An Israeli's Testimony

In 1991, Boren and his committee staff also swatted away Ben-Menashe's accounts of Gates as the point man for the CIA's covert supplying of Iraq in the 1980s.

In interviews with me, Ben-Menashe described a personal relationship with Gates dating back to the 1970s when both men were aspiring intelligence officers working for their respective governments. Ben-Menashe claimed that his mother even made meals for Gates when he was visiting Israel.

When Ben-Menashe began talking to the press in 1990 after he was arrested in the United States on charges of selling planes to Iran, Israeli authorities deemed him as an impostor who never worked for the government, but had to back track when I obtained documentary evidence showing that Ben-Menashe had served as an operations officer for a unit of Israeli military intelligence from 1977 to 1987.

Though Israel had to recant its initial lie — and Ben-Menashe won acquittal on the plane-sale charges in late 1990 – his credibility continued to be assailed, especially by neoconservatives in the U.S. press apparently upset that Ben-Menashe was exposing closely guarded secrets, including speaking with investigative reporter Seymour Hersh about Israel's nuclear-weapons program. [See Hersh's  The Sampson Option.]

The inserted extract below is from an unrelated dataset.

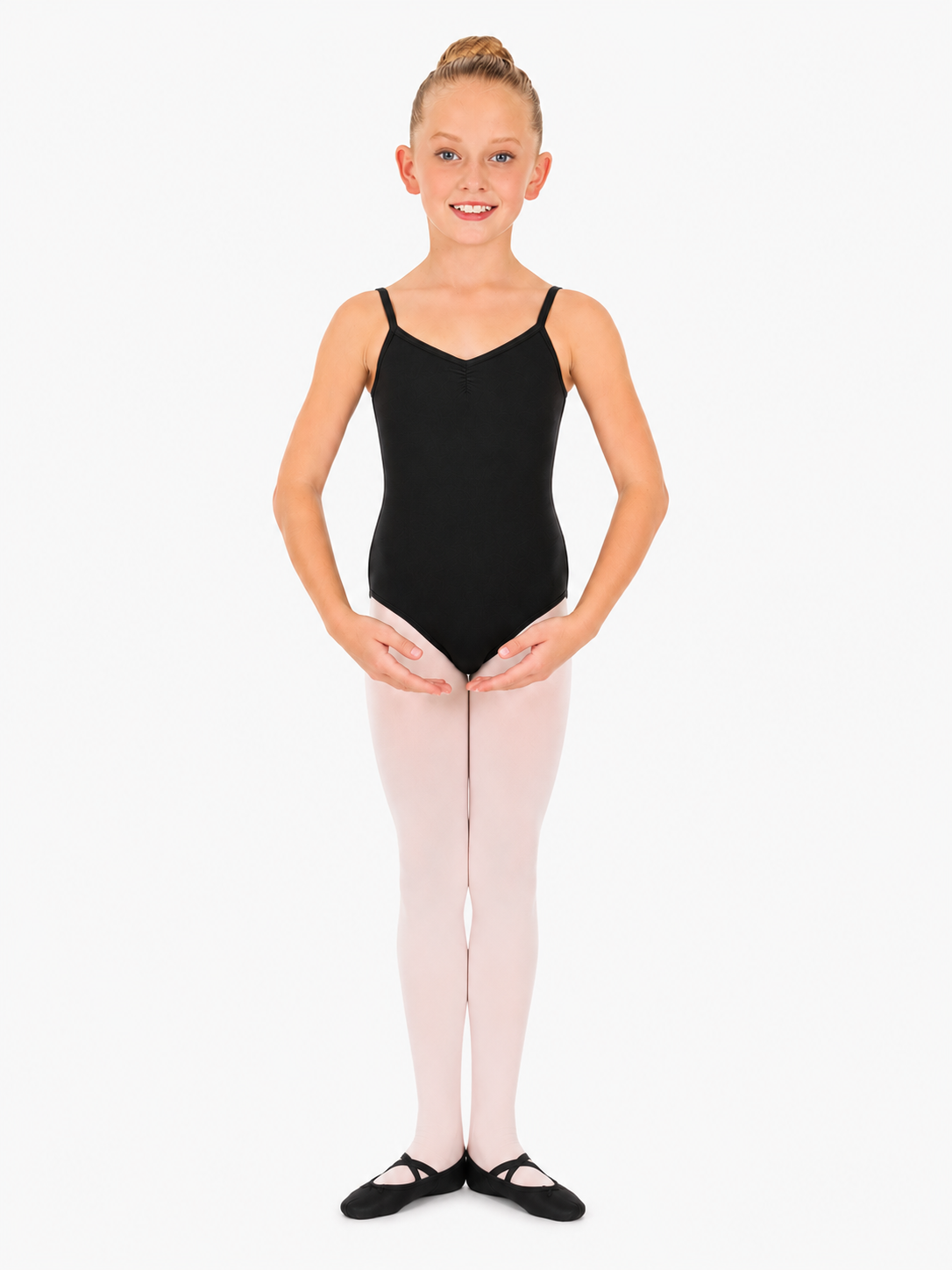A young girl with light brown hair in a bun, smiling, wearing a light green leotard with spaghetti straps and white tights.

U.S. journalists with close ties to the Israeli Right, such as Steven Emerson, began parroting Israel's fallback position on Ben-Menashe, that he was only a "low-level translator." That talking point gained currency even though well-placed Israeli officials privately dismissed it as just another cover story.

But Ben-Menashe's claimed relationship with Gates represented a real test of his credibility. Some well-respected journalists, including Hersh, doubted Ben-Menashe's story about knowing Gates because Gates had been a Soviet analyst during his early career at the CIA and thus, presumably, would have no reason to become operationally involved with an Israeli intelligence officer.

I, too, was skeptical of Ben-Menashe's claims about Gates. But I later learned from Gates's CIA co-workers that his duties as a Soviet analyst involved Moscow's policies toward the Middle East, offering a plausible reason for Gates to have spent time meeting intelligence officials in Israel.

It also struck me as odd that Ben-Menashe would have dredged up Gates's name during interviews with me and other journalists in 1990 because by then Gates had slipped back into relative obscurity as a deputy director at Bush-41's National Security Council staff. If the Israeli had wanted to puff himself up about knowing someone important in the U.S. government, why pick Gates?

Tripping Up a Source

My trying to disprove Ben-Menashe's claims about Gates - and thus punch a major hole in the Israeli's credibility - became a regular feature in my periodic contacts with Ben-Menashe.

Once when I met Ben-Menashe's aging mother during a visit to the United States, I popped a question about whether she recalled making meals for Robert Gates. Her eyes immediately brightened and she responded in the affirmative. "Yes, Bobby Gates," she said.

I thought I had Ben-Menashe tripped up another time after he insisted he had met with Gates in April 1989 during a trip to Paramus, New Jersey. I even pinned the time down, to the afternoon of April 20, 1989 because Ben-Menashe had been under Customs surveillance that morning.